MATERIAL PROVIDED:
▼▼▼

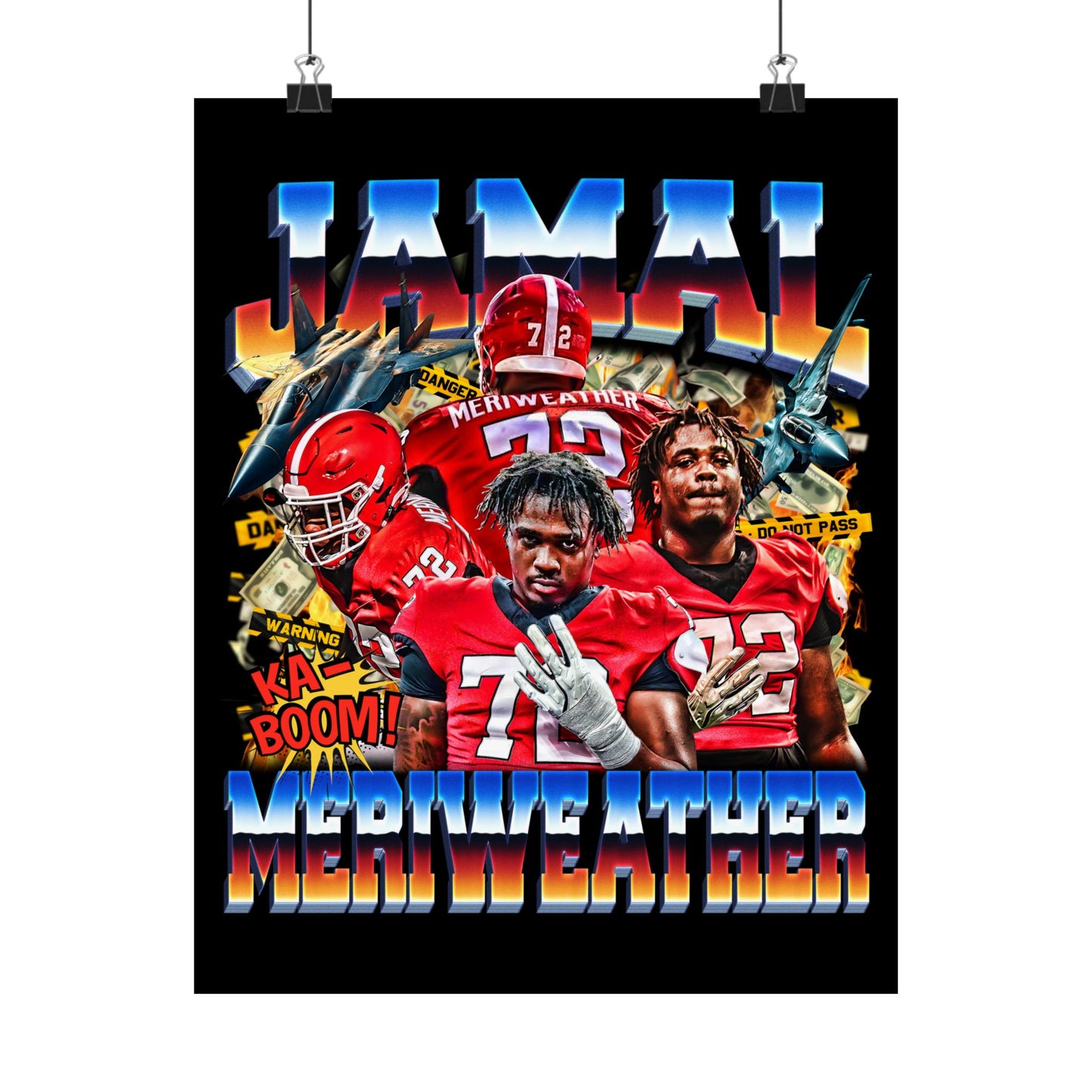 Jamal Meriweather Poster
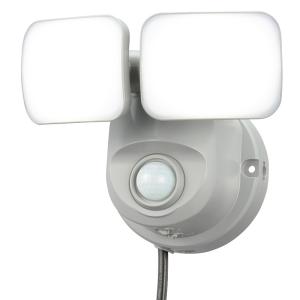 オーム電機 LEDセンサーライト 人感・明暗 ...の詳細画像1
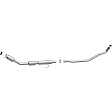 551524 No Returns Accepted - Catalytic Converter, 1.8L, 4Cyl, CARB and Federal EPA Standards, 50-state Legal, California Series, Direct Fit
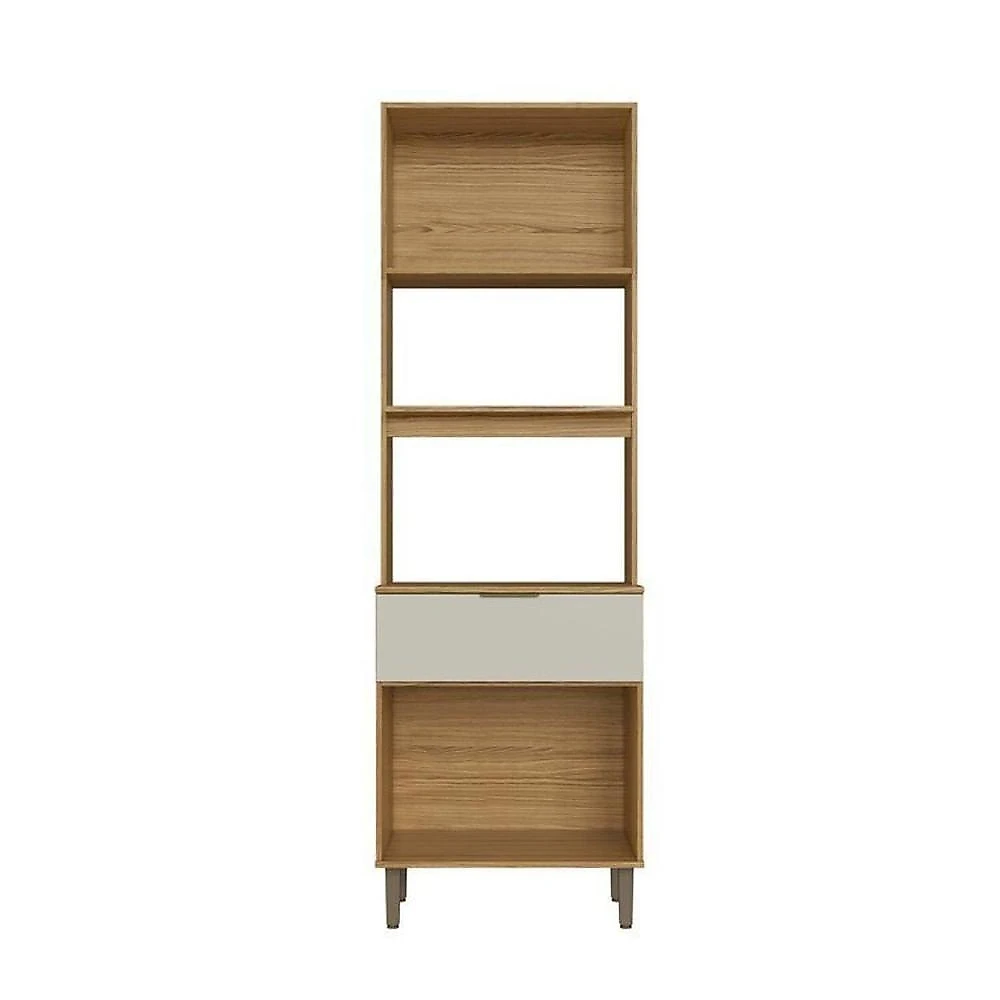 Cozinha Modulada 4 Peças com Paneleiro Florença Naturalle/Sabbia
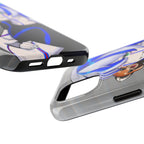 Ray Xash "Red Panda Companion" Phone Case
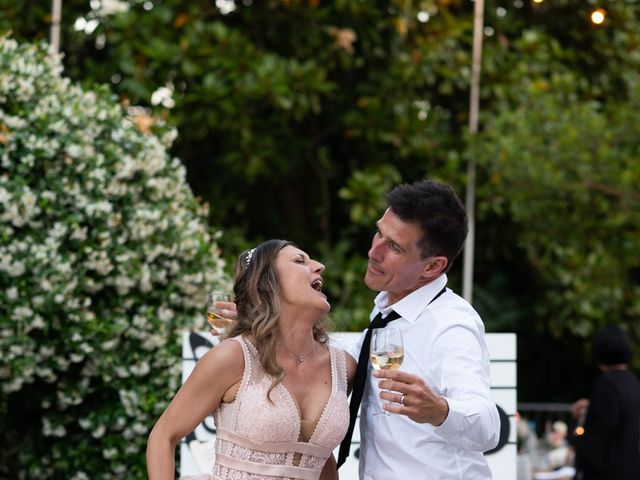 Il matrimonio di Simone e Chiara a Pombia, Novara 36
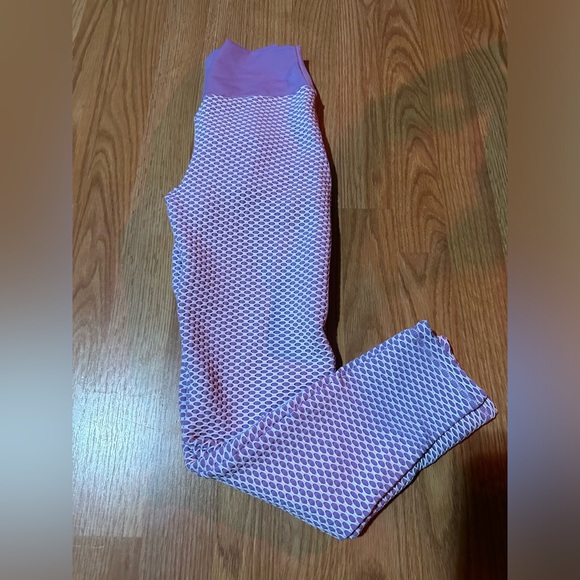 Allure by Ana Purple Leggings L - Picture 2 of 5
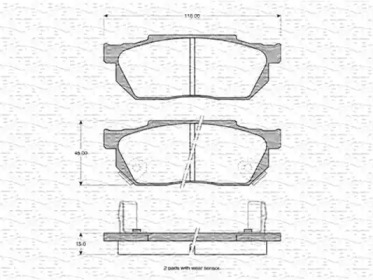 Дополнительные работы MAGNETI MARELLI для HONDA PRELUDE II (AB) 1.8 EX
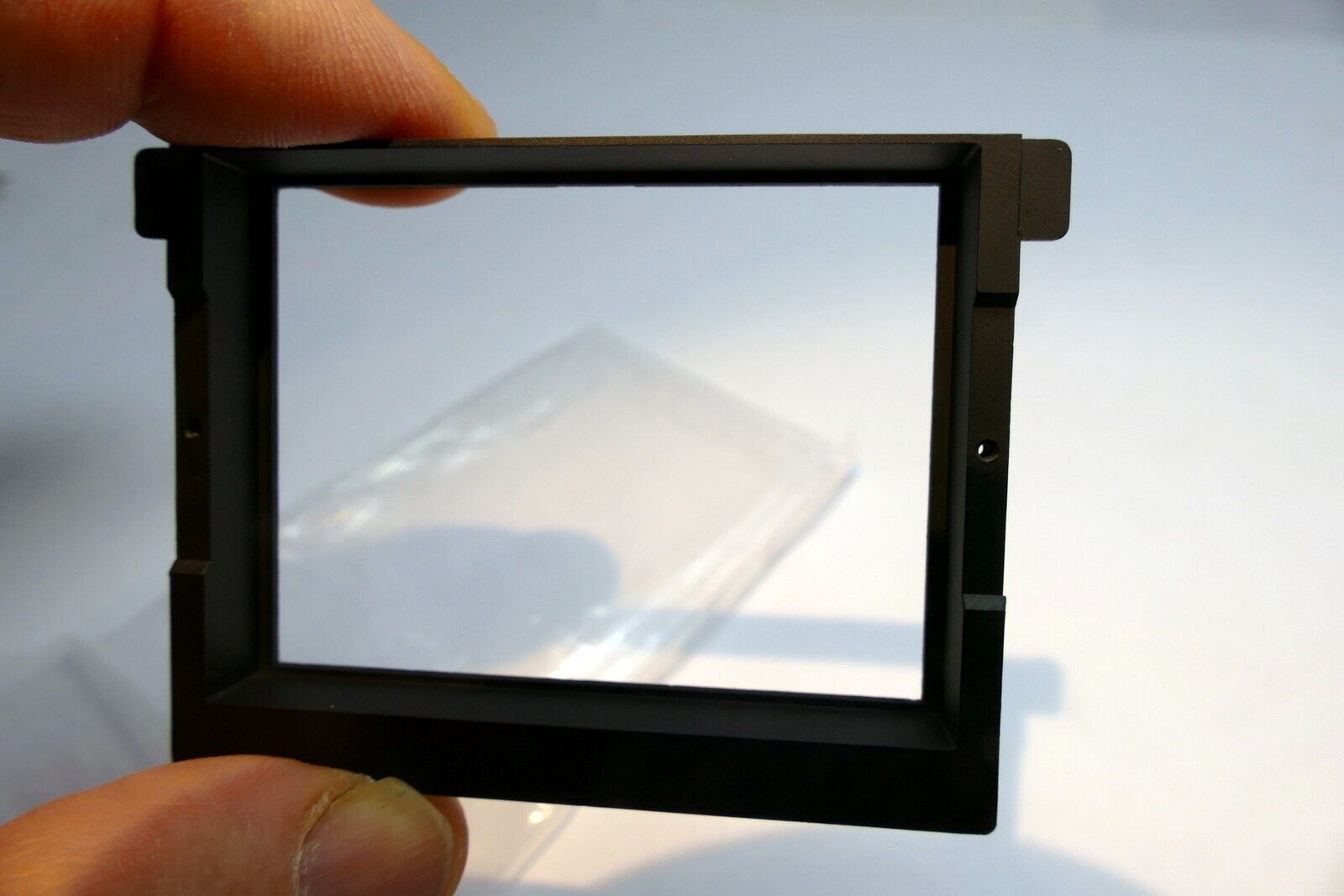 Metal Mamiya frame ONLY  for  Focusing screen for 645 M645 1000 cameras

▲▲▲

Copy the records above exactly, leaving out every picture.

COMPLETED EXERCISE:
 Jamal Meriweather Poster
 オーム電機 LEDセンサーライト 人感・明暗 ...の詳細画像1
 551524 No Returns Accepted - Catalytic Converter, 1.8L, 4Cyl, CARB and Federal EPA Standards, 50-state Legal, California Series, Direct Fit
 Cozinha Modulada 4 Peças com Paneleiro Florença Naturalle/Sabbia
 Ray Xash "Red Panda Companion" Phone Case
 Il matrimonio di Simone e Chiara a Pombia, Novara 36
 Allure by Ana Purple Leggings L - Picture 2 of 5
 Дополнительные работы MAGNETI MARELLI для HONDA PRELUDE II (AB) 1.8 EX
 Metal Mamiya frame ONLY  for  Focusing screen for 645 M645 1000 cameras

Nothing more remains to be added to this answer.